Say, what happened to you being a diesel technician? 

Well, it really wasn't a job meant for me.

My weaknesses showed up badly. If I only had two words to describe the entire experience (tech school + all jobs), they'd be "overwhelming" and "stressful". So many things can go wrong in this industry, even with all the training and knowledge available. And it can often start with the small details I tend to forget VERY often.

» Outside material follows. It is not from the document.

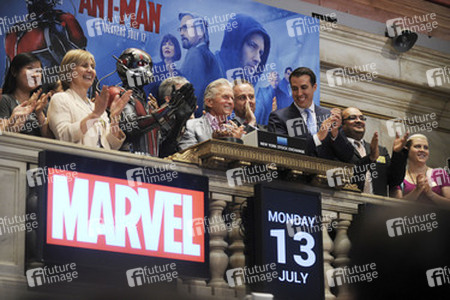 Michael Douglas läutet die NYSE Closing Bell in New York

Just to give one example of a particularly expensive mistake that one of our teachers witnessed at his other job at a dealership:

The initial context was a 10-minute job, on a CAT 3406 engine. There's a small oil line that feeds the air compressor's crankshaft bearings, which needed to be replaced. No biggie, again, 10 minutes (plus a trip to the local hydraulic shop) and it's done, truck's good to go. The guy takes the hose to the local hydraulic shop and gets a new one made, then gets back to the shop and installs it.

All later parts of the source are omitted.